··· DATA TO PROCESS ···
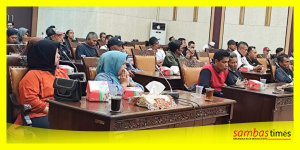 DPRD Sambas menerima aspirasi masyarakat Desa Sepantai, Kecamatan Sejangkung, Kamis (25/4/2024) di Ruang Sidang Utama Kantor DPRD Sambas. 
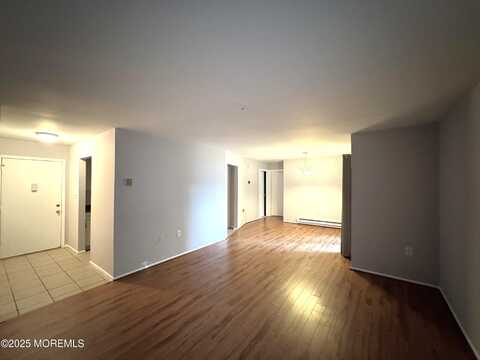 13 Wild Turkey Way, Manalapan, NJ 07726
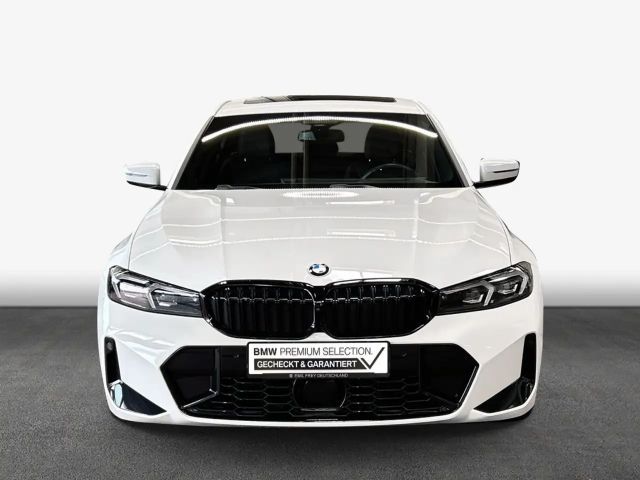 BMW 330 330i M-Sport Sedan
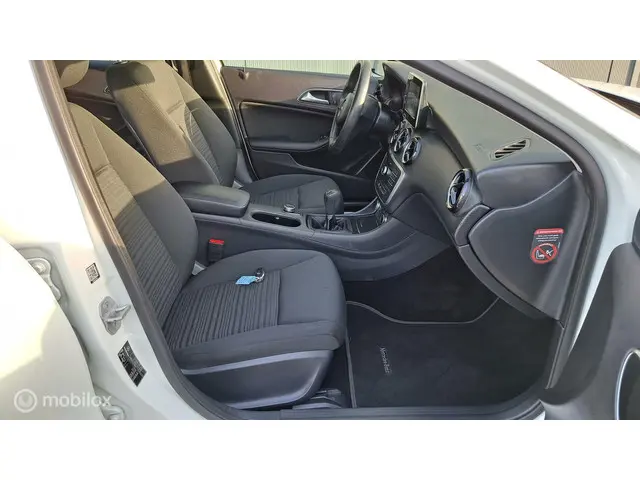 Mercedes-Benz A-Klasse 160 Ambition 2017 Benzine 17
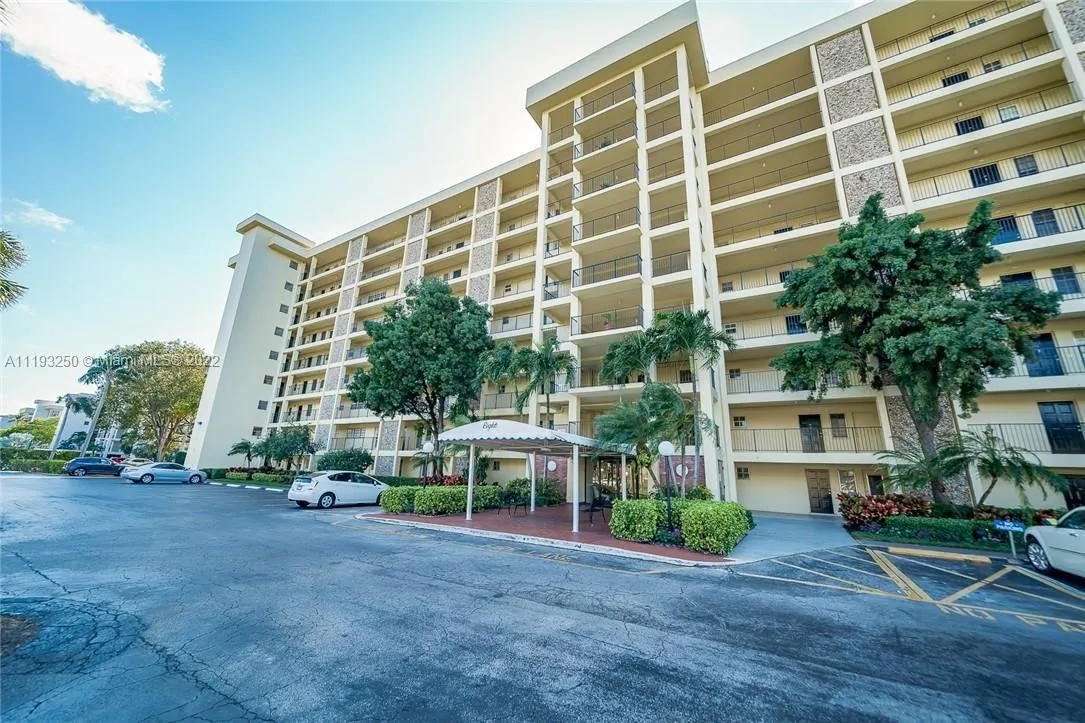 3 bedroom 2 bath for rent at 3050 N Palm Aire Dr # 401, Pompano Beach FL 33069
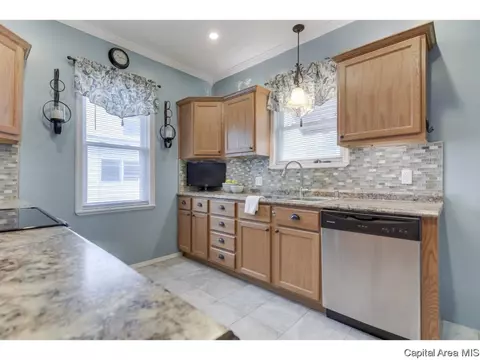 1441 N 3rd St, Springfield, IL 62702 photo 11
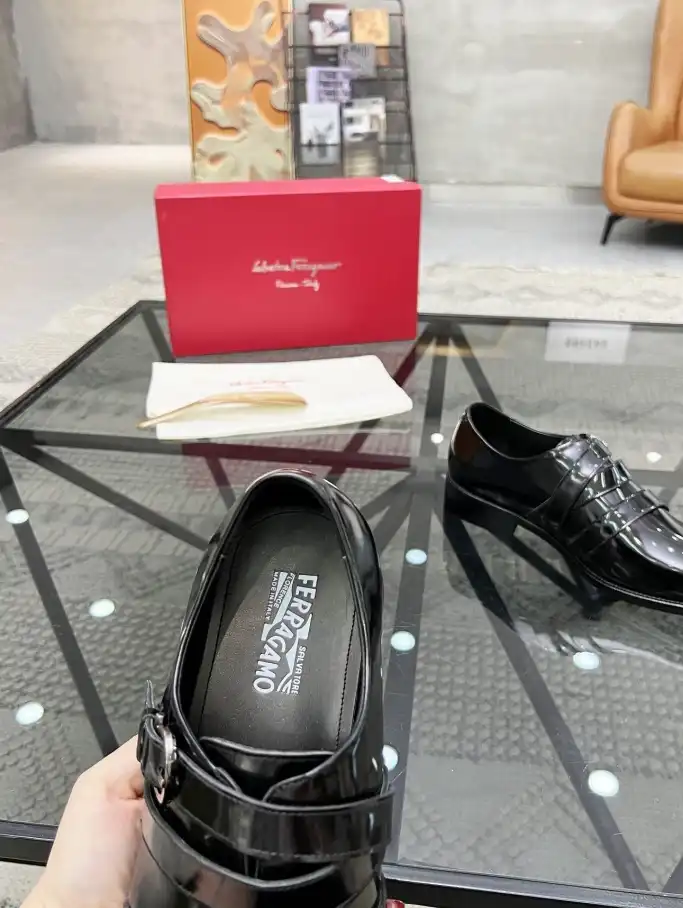 hype Ferragamo Leather Shoes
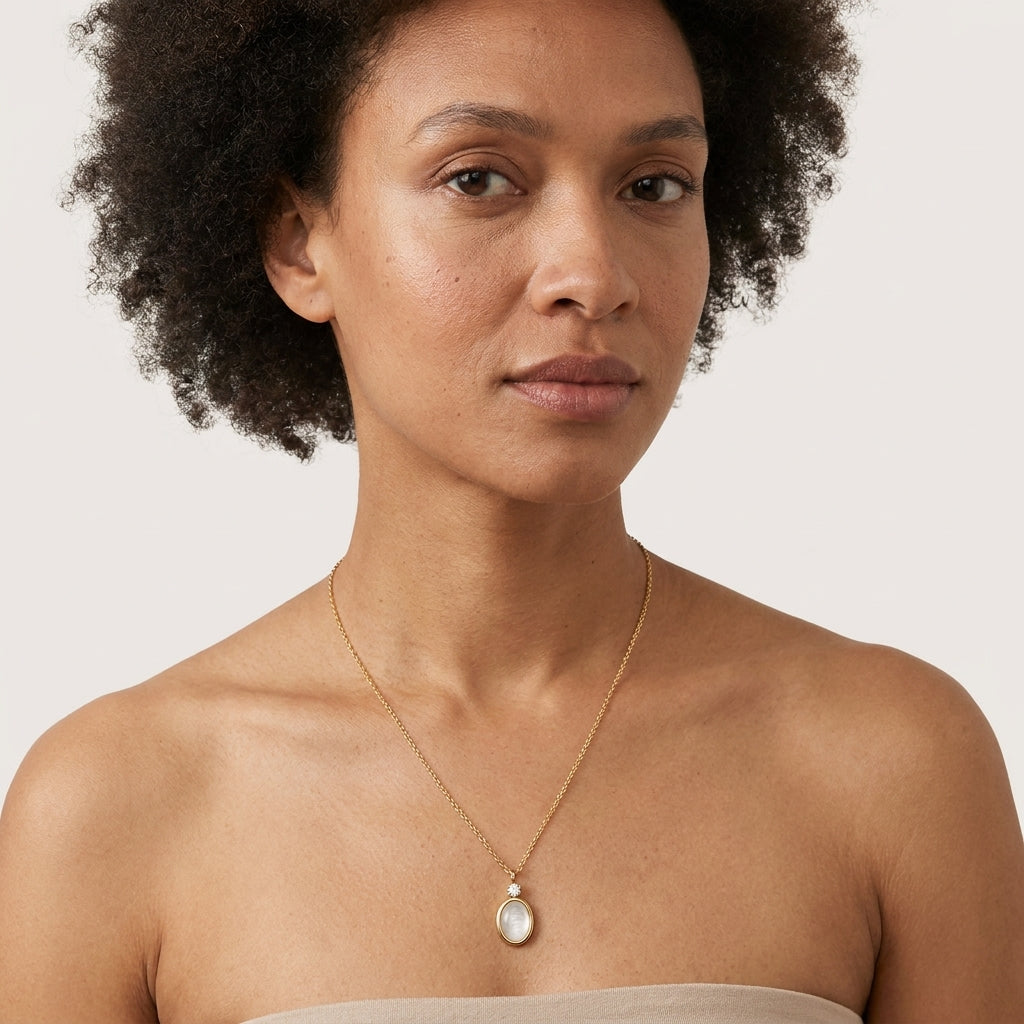 Eternal Halo Necklace | Minimal Crystal Pendant Necklace for Women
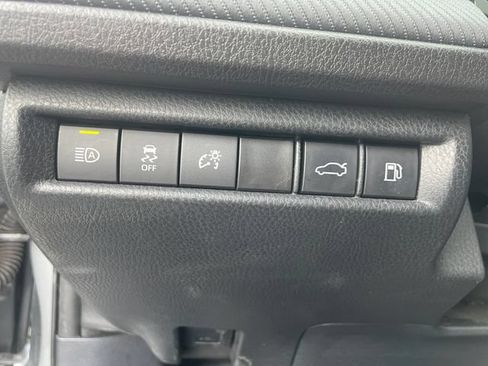 Used 2025 Toyota Camry SE w/ Convenience Package AWD/4WD image 19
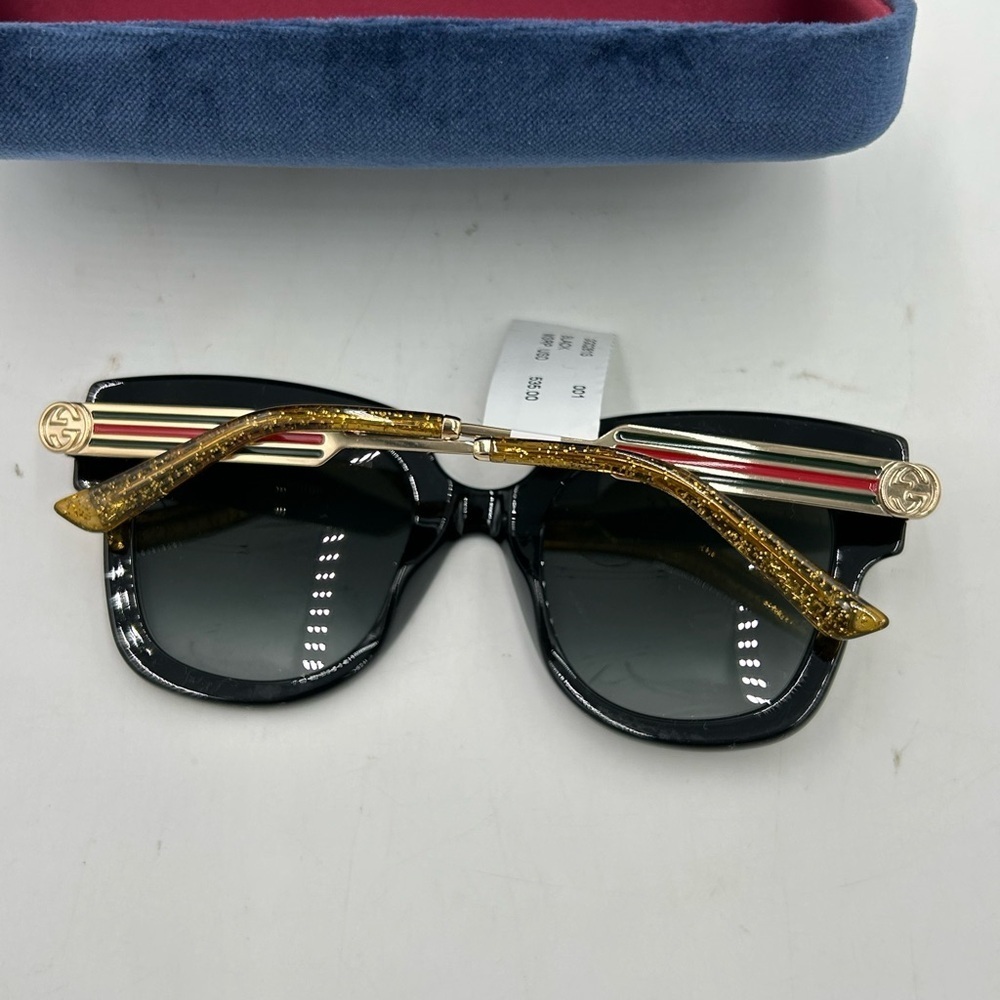 Gucci GG0281S – 001 black acetate frame sunglasses with gray lenses NWT - Picture 4 of 11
···
EXERCISE:
Nothing but the lines from the first line of the listing above to the line containing "1441 N 3rd St, Springfield, IL" should appear in the answer, each one exact and with no pictures.

ANSWER BOX:
 DPRD Sambas menerima aspirasi masyarakat Desa Sepantai, Kecamatan Sejangkung, Kamis (25/4/2024) di Ruang Sidang Utama Kantor DPRD Sambas. 
 13 Wild Turkey Way, Manalapan, NJ 07726
 BMW 330 330i M-Sport Sedan
 Mercedes-Benz A-Klasse 160 Ambition 2017 Benzine 17
 3 bedroom 2 bath for rent at 3050 N Palm Aire Dr # 401, Pompano Beach FL 33069
 1441 N 3rd St, Springfield, IL 62702 photo 11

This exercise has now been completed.